Hints for all the above parts:
1) My coefficients are for the treatment order. If you use the trtcode variable, the order is different.
2) Remember to include block in your model. It won't change the SS (because this is an RCBD), but it would change the MSerror and hence F tests.

4) The data in range2.txt are the same data used in problem 3. The treatments are labeled as they would be for a 2 way factorial. The Nrate variable is the nitrogen rate with 3 levels (0, 50 and 100) and the P variable is the presence (+) or absence (-) of phorsphorus.
Use proc glm; (or mixed with all fixed effects) to fit the usual 2 way ANOVA model (main effects and interaction). Use lsmeans to estimate the marginal means for the 2 P levels and the 3 N levels. Your output will have some unusual features. I can see three obvious ones and there may be more. Identify at least two of these unusual features.

5) Reconsider the millet spacing experiment from last week. The data are in millet.txt There are five spacing treatments (numbered 2, 4, 6, 8, and 10) arranged in a 5 x 5 Latin Square. The treatment numbers are the distance in cm between plants along a row. So the treatment numbered 2 has plants 2cm apart; the treatment numbered 4 has plants 4cm apart, and similarly for the other three treatments.
a) Calculate the means for each spacing treatment and plot the mean yield against spacing distance. Does the relationship between yield and spacing seem close to linear (i.e. close to a straight line)?

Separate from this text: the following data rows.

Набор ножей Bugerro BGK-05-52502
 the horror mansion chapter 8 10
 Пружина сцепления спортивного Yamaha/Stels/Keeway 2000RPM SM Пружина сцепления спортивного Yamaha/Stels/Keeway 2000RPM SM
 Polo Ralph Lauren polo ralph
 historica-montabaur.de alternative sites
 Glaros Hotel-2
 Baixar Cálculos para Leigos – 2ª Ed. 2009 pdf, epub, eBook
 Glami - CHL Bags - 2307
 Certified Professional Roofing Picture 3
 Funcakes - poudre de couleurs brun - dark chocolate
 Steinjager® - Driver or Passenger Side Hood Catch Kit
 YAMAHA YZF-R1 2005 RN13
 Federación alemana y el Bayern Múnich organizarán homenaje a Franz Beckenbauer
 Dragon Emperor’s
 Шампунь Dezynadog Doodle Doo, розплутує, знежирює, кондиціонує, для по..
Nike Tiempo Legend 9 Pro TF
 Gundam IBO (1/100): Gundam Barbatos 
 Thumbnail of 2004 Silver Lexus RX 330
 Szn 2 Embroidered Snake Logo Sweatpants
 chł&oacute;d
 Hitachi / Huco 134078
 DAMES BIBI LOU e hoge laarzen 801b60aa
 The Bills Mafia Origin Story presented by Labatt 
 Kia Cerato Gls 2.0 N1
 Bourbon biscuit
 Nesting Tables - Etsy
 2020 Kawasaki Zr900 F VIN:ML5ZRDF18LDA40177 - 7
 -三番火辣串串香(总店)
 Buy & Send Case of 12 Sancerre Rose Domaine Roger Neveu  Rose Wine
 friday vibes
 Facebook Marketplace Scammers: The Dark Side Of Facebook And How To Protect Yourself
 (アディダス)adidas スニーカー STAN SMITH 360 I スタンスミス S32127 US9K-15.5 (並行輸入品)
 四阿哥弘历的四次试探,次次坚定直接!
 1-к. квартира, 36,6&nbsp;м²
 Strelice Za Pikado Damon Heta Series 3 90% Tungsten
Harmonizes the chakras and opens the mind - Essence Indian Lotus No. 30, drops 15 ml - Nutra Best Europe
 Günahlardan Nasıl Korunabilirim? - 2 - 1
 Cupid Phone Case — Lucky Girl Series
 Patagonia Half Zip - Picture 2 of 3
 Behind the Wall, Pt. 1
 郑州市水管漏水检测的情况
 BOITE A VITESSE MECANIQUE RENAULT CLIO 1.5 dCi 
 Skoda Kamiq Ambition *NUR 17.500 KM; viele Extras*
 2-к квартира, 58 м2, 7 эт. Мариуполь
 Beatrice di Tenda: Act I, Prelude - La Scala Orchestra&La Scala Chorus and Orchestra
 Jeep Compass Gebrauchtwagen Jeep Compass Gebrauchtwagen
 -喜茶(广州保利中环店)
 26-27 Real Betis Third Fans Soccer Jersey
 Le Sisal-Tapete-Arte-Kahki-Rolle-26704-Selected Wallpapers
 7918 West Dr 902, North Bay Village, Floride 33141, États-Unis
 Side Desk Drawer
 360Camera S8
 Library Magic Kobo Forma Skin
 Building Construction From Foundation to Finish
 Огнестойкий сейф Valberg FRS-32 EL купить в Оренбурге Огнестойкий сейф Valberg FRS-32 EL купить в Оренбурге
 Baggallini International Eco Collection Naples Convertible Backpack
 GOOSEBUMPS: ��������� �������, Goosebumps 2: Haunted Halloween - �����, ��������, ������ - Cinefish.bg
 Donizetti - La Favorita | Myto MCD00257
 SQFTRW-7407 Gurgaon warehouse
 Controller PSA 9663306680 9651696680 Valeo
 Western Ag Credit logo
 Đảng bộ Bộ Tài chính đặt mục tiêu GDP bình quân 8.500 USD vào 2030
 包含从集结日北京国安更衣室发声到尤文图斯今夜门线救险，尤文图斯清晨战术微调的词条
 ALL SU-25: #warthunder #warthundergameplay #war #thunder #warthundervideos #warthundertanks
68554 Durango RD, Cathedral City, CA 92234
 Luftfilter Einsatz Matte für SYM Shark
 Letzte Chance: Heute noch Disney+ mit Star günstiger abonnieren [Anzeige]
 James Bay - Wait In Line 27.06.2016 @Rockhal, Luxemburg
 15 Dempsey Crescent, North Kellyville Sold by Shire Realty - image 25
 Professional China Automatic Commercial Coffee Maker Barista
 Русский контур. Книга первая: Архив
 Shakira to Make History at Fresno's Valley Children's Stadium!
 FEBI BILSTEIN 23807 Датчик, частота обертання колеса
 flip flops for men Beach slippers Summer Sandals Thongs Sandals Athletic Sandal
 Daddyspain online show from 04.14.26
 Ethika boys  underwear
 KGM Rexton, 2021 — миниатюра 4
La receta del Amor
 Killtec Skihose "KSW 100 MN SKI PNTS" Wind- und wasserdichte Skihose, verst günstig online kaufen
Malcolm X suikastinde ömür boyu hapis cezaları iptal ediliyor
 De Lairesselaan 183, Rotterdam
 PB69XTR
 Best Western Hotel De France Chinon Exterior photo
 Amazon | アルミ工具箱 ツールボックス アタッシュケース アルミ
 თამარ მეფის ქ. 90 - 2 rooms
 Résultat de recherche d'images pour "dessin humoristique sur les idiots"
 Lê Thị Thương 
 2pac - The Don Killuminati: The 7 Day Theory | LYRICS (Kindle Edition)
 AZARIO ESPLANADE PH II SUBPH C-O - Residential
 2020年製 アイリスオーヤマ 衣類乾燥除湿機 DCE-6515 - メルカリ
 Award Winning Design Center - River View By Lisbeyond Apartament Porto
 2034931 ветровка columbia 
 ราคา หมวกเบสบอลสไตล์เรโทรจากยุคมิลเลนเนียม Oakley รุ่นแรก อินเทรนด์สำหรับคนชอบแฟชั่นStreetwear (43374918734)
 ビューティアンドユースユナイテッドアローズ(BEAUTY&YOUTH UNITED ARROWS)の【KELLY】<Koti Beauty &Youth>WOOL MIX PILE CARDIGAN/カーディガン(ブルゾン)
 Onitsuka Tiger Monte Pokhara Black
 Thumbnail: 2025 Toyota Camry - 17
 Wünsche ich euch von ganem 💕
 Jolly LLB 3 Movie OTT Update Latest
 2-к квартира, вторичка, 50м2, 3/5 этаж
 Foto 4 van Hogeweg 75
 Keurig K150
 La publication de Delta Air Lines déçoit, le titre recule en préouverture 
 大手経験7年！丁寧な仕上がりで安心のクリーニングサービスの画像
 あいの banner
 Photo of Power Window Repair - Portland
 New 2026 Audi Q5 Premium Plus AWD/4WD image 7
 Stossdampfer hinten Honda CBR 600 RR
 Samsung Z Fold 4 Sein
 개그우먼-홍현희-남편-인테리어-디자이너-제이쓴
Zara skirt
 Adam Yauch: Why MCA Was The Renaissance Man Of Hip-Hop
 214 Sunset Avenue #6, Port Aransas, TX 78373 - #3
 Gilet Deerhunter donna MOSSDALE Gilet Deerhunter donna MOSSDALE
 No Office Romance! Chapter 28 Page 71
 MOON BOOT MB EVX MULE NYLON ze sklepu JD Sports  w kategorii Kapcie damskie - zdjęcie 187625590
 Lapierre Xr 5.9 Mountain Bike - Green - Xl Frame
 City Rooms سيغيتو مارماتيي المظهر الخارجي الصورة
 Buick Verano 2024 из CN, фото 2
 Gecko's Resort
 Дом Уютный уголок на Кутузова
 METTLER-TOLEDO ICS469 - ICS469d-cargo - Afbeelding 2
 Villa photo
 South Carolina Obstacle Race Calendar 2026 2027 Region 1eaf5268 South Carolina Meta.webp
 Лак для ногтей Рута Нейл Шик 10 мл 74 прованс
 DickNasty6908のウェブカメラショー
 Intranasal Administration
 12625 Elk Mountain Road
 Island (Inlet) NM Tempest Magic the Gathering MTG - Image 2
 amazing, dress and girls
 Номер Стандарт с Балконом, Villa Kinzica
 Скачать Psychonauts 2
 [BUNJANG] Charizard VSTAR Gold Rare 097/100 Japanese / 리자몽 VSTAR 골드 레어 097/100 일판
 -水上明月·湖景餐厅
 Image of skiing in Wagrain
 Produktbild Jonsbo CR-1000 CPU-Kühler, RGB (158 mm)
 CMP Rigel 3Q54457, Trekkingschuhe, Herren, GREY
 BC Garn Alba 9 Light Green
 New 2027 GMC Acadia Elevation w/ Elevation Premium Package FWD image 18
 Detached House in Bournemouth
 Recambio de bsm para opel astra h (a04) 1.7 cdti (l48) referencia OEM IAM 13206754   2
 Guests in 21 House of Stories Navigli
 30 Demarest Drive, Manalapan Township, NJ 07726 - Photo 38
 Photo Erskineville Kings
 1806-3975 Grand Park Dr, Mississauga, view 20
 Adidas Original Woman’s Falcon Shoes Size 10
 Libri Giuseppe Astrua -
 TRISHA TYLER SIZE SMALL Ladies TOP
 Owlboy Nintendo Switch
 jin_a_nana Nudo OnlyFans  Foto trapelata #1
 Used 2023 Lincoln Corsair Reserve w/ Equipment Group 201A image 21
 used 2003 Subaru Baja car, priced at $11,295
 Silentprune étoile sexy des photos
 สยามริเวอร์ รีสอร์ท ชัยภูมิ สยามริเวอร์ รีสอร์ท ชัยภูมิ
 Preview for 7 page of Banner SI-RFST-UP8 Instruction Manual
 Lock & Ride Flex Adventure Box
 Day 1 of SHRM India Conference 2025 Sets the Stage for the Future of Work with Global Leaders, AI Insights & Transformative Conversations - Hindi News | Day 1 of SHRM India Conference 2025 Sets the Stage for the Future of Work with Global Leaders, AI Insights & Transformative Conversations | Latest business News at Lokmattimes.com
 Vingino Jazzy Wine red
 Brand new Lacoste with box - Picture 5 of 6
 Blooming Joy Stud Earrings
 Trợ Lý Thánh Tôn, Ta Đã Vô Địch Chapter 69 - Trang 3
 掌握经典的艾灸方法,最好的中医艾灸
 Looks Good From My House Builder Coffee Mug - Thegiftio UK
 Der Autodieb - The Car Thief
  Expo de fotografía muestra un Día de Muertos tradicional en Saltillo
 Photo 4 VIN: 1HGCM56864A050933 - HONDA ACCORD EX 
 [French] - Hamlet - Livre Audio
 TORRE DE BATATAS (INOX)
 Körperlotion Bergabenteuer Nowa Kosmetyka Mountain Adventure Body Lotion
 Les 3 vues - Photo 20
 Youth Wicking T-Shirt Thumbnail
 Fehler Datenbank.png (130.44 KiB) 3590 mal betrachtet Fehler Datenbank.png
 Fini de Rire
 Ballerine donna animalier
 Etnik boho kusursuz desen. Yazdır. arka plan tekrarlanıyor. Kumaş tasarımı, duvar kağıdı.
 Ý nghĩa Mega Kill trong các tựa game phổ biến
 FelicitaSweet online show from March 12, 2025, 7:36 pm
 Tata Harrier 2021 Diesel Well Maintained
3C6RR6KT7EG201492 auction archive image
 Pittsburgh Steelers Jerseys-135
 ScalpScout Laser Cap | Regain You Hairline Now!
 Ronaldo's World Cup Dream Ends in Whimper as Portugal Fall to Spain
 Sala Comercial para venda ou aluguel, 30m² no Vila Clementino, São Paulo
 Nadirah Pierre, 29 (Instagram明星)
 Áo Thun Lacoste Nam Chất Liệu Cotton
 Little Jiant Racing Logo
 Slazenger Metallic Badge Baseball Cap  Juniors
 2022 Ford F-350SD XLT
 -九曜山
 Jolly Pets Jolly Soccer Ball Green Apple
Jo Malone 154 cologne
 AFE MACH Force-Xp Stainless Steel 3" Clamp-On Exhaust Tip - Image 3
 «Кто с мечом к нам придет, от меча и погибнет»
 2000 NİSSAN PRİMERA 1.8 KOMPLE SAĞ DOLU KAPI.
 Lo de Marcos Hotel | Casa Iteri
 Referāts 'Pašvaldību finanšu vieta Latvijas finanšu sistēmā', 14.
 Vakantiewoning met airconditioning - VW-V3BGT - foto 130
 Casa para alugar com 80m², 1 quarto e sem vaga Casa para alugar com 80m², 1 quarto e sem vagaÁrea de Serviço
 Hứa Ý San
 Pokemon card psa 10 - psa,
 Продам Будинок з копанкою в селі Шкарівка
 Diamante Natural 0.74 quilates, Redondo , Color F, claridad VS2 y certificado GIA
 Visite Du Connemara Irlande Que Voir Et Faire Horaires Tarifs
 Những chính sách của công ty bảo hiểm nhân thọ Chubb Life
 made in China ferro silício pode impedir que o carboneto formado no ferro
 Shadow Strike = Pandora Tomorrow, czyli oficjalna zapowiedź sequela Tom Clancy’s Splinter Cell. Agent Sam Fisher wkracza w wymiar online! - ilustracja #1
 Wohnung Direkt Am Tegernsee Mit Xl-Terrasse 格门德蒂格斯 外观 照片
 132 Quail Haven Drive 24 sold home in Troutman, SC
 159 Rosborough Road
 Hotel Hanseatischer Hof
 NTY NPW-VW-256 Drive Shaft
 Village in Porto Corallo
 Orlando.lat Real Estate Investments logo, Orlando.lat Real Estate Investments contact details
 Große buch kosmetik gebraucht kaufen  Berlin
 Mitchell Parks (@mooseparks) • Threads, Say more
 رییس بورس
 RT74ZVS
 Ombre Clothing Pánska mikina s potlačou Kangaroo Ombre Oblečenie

Contrasts provide a way to test whether a linear trend is sufficient to summarize the differences between treatment means.
b) The coefficients of the contrast to test for a linear effect of spacing are -2, -1, 0, 1, and 2 (for treatments in the order 2, 4, 6, 8, 10). (beware if treatments are in a different order if treatment is a categorical variable, i.e. input with a $).
Calculate the SS for that contrast and test the null hypothesis of no linear effect of spacing. Report the F statistic and p-value.
c) The contrast in part b accounts for one part of the treatment SS. The remaining SS (i.e. the left over part) are large when a linear model is not sufficient to describe the pattern in the means. Here, these left over SS have 3 d.f. If the F statistic for the 'left over' parts is significant, there is evidence that the response to spacing is not linear. Calculate the 'left over' SS and construct the F test. Report the F statistic and an approximate p-value.
Note: Calculating the left over SS is easiest by hand, so you will probably use F tables to get the p-value.